EXERCISE DIRECTIONS :: In the entries below, find the line with "Bigfoot Sasquatch Dude" and the line with "Teal & White"; reproduce those two lines and all lines between them exactly, without pictures.

RECORDS SUPPLIED ::
——————
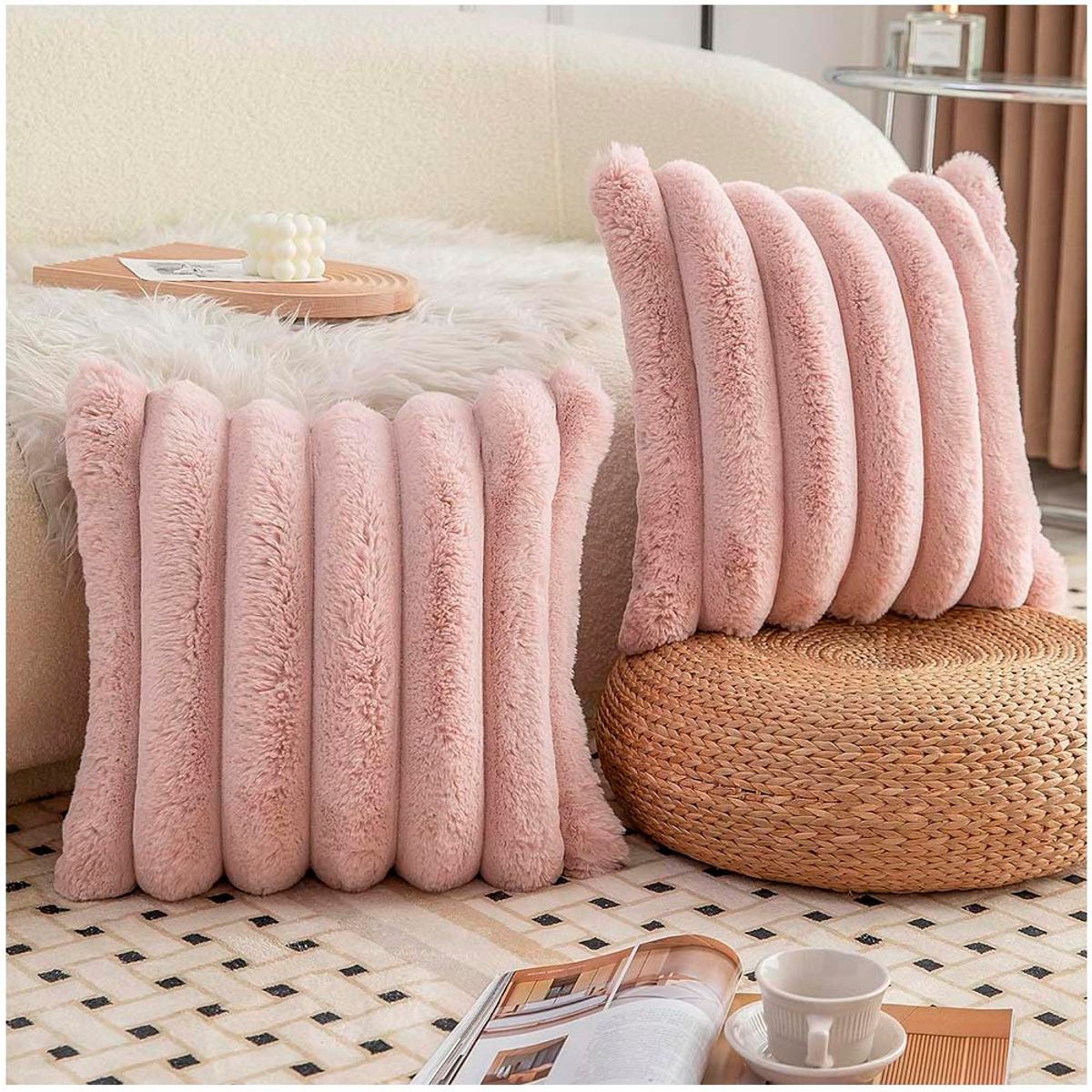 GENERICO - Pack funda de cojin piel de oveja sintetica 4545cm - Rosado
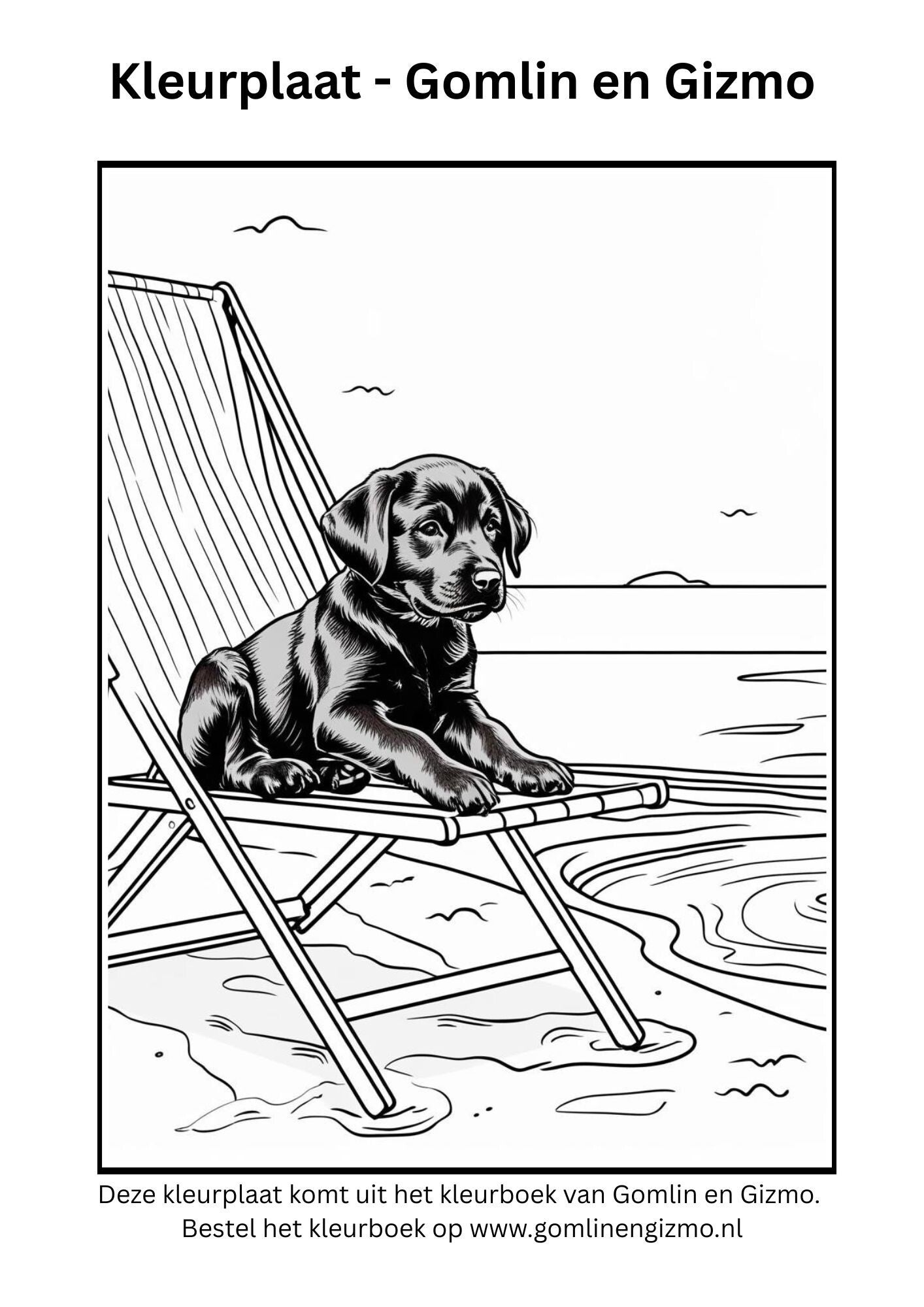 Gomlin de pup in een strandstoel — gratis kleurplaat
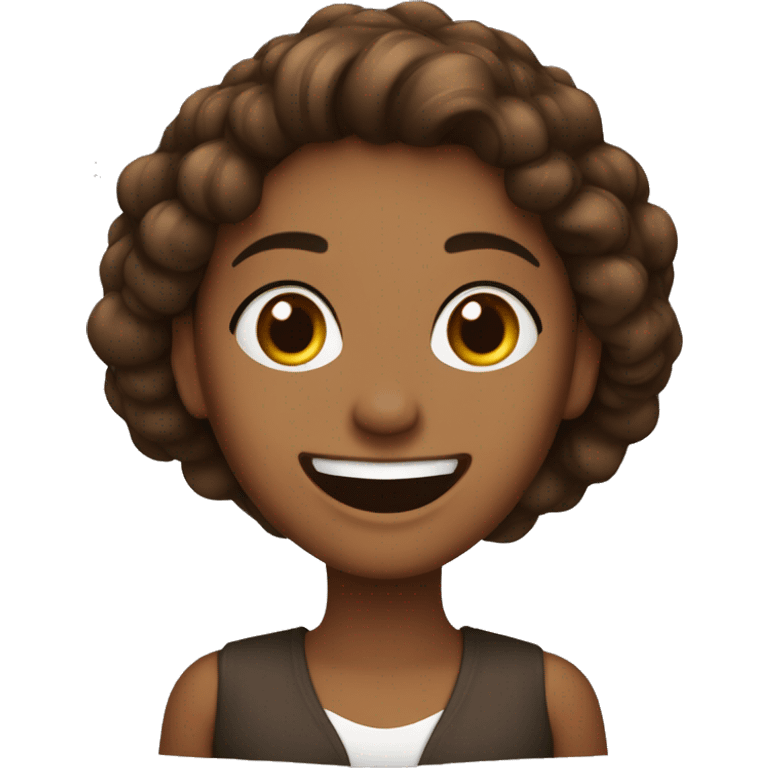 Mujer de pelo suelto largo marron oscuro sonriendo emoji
——————
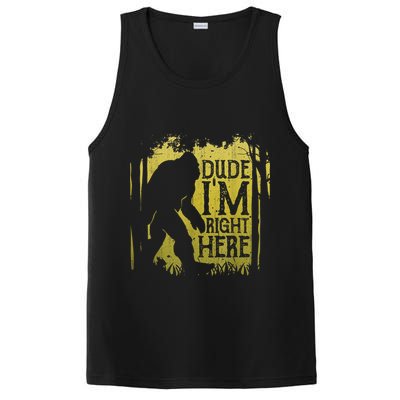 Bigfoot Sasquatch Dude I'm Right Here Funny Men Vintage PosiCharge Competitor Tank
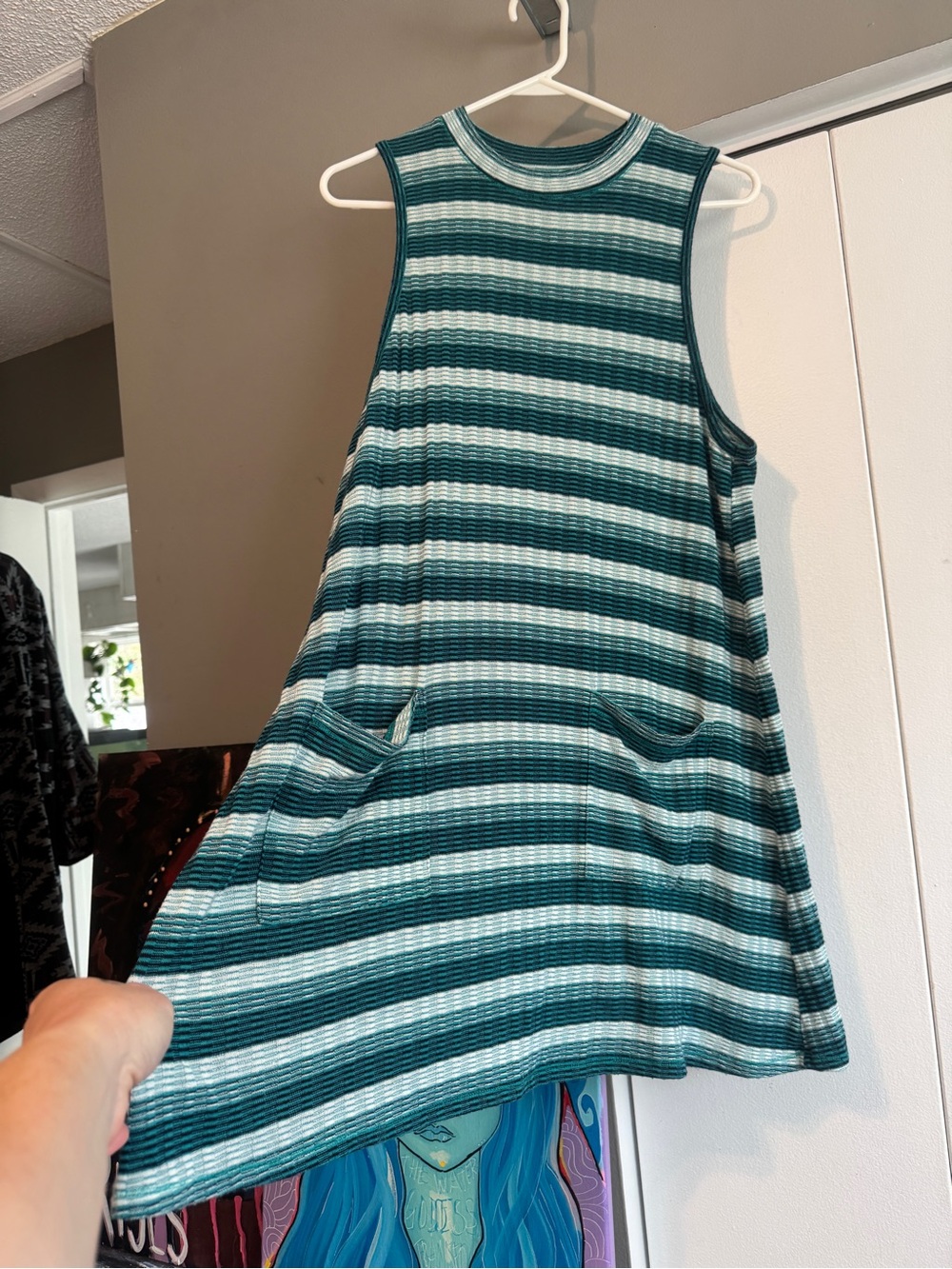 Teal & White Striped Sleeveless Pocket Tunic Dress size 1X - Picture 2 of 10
——————
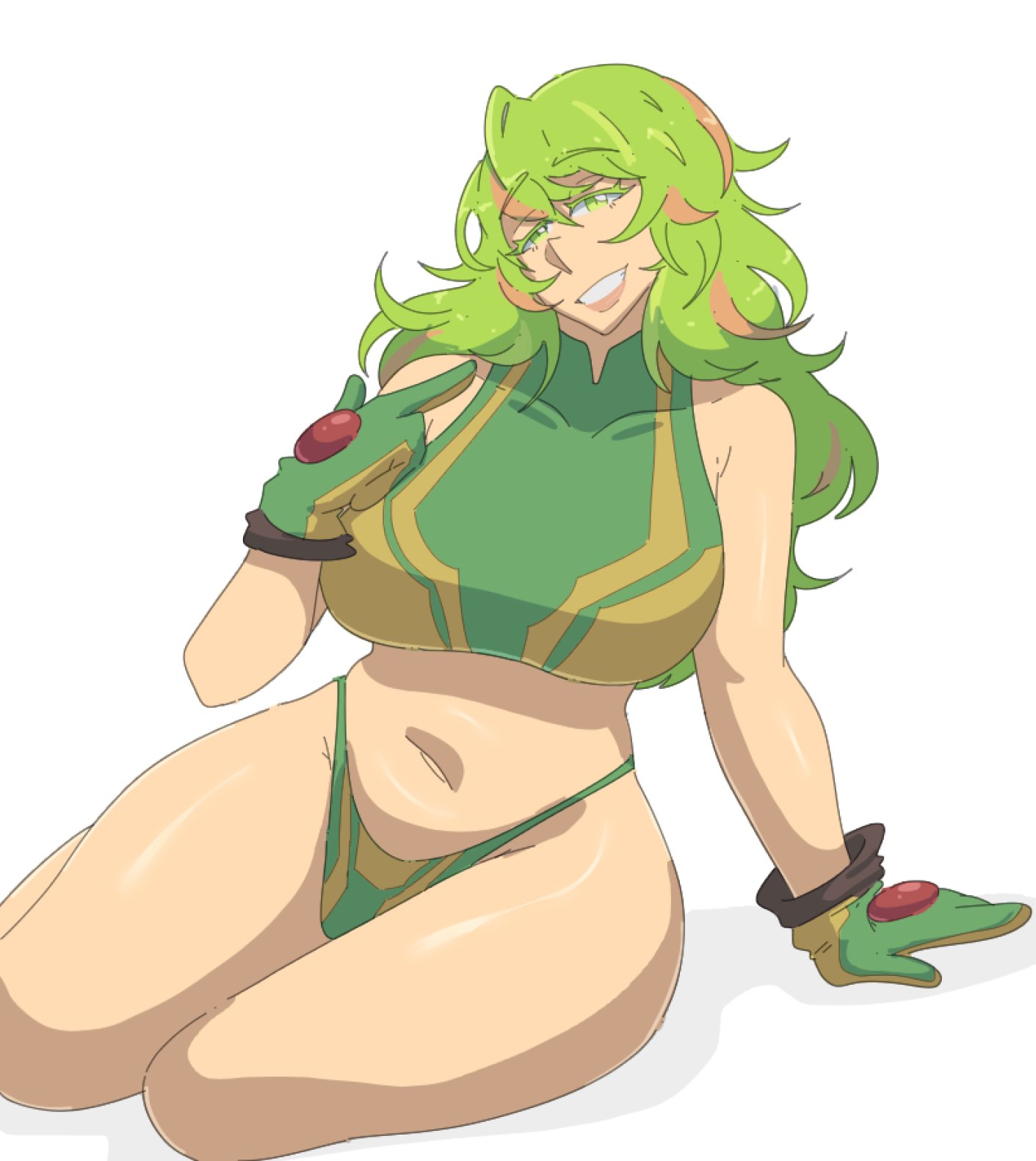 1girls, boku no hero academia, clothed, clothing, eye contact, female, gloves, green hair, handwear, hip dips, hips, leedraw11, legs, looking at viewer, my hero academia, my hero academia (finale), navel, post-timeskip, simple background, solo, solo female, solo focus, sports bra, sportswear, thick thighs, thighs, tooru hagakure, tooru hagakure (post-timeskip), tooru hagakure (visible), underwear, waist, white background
——————
RESPONSE AREA ::
 Bigfoot Sasquatch Dude I'm Right Here Funny Men Vintage PosiCharge Competitor Tank
 Teal & White Striped Sleeveless Pocket Tunic Dress size 1X - Picture 2 of 10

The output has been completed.